Geometry and Learning in 3D Computer Vision

Översikt

This thesis focuses on studying and improving the accuracy, reliability, and efficiency of 3D vision pipelines. We leverage techniques from geometry, optimization, and deep machine learning, and we also try to explore and understand when it is suitable to combine them and when it is not, if the overall success of a 3D reconstruction system is a priority. In modern computer vision, deep neural networks are often utilized as black boxes, not only for perception but also for solving geometric problems. The performance is highly dependent on the amount and quality of the data, and the results can sometimes be surprisingly poor. Classic geometric models and optimization techniques in 3D vision are much better understood. While they are still preferred in many applications, the learning-based counterparts showcase an amazing improvement over traditional methods on certain challenging tasks.

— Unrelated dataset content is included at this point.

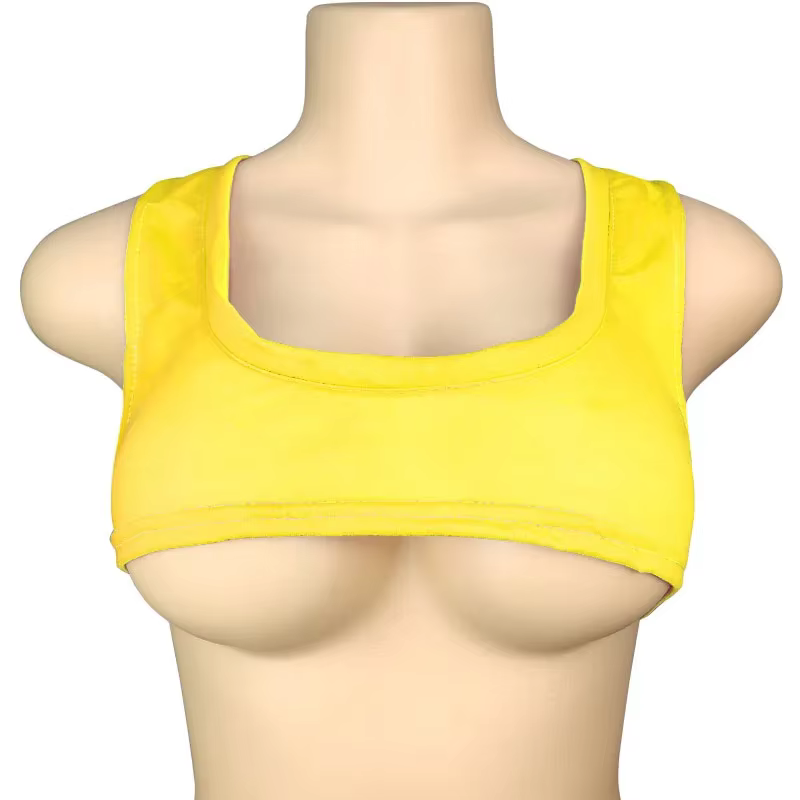 À la mode noir blanc demi-lait court sans manches T-Shirt Sexy femmes haut transfrontalier 2025 ventre-bas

The thesis is structured around three problems: (1) camera calibration, (2) rotation averaging, and (3) motion segmentation. For each of these problems, we analyze the weak points and failure modes of existing methods and propose new algorithms that leverage standard techniques from geometry and optimization or hybrid learning pipelines that aim to retain the interpretability of geometric models while benefiting from the expressivity and adaptability of deep neural networks.

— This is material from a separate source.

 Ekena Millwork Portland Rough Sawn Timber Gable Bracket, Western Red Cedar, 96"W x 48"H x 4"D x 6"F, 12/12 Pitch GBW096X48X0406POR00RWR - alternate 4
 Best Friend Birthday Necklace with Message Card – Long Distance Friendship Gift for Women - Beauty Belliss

Our contributions include: (i) a versatile pipeline for calibrating central cameras with various lens configurations that relies on simple techniques and solvers and proves to be very stable, (ii) a semidefinite program for anisotropic rotation averaging that leverages the readily-available uncertainties of the relative estimates and relies on a new convex relaxation, leading to improved reconstruction accuracy, (iii) a fast block-coordinate descent solver for anisotropic rotation averaging that achieves similar reconstruction accuracy while significantly reducing the runtime, (iv) robustification pipelines for anisotropic rotation averaging allowing gross outliers in the data, and (v) a metric learning approach addressing the challenging chicken-and-egg problem of motion segmentation via clustering in the space of trajectory feature representations, where inference is done in a fraction of a second.